───── Raw data

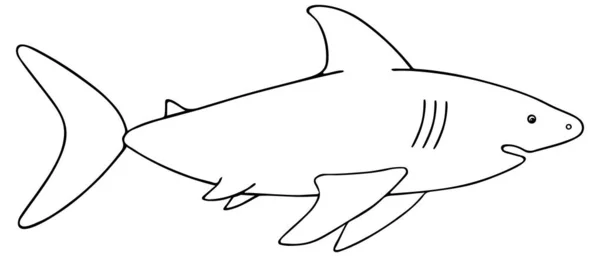 Žralok Vektorová Ilustrace Obrys Bílém Izolovaném Pozadí Velké Dravé Mořské — Stockový vektor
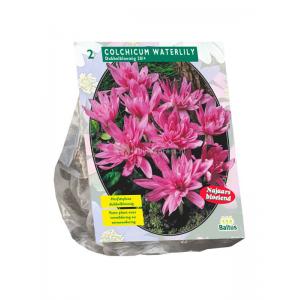 Baltus Colchicum Waterlily bloembollen per 2 stuks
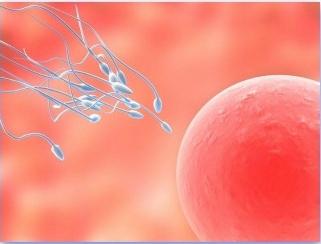 Koliko dugo ovulacija traje? Odgovori na važna pitanja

──────────

#### Problem requirements
Retype the listing exactly and drop the pictures.

#### Completed task
 Žralok Vektorová Ilustrace Obrys Bílém Izolovaném Pozadí Velké Dravé Mořské — Stockový vektor
 Baltus Colchicum Waterlily bloembollen per 2 stuks
 Koliko dugo ovulacija traje? Odgovori na važna pitanja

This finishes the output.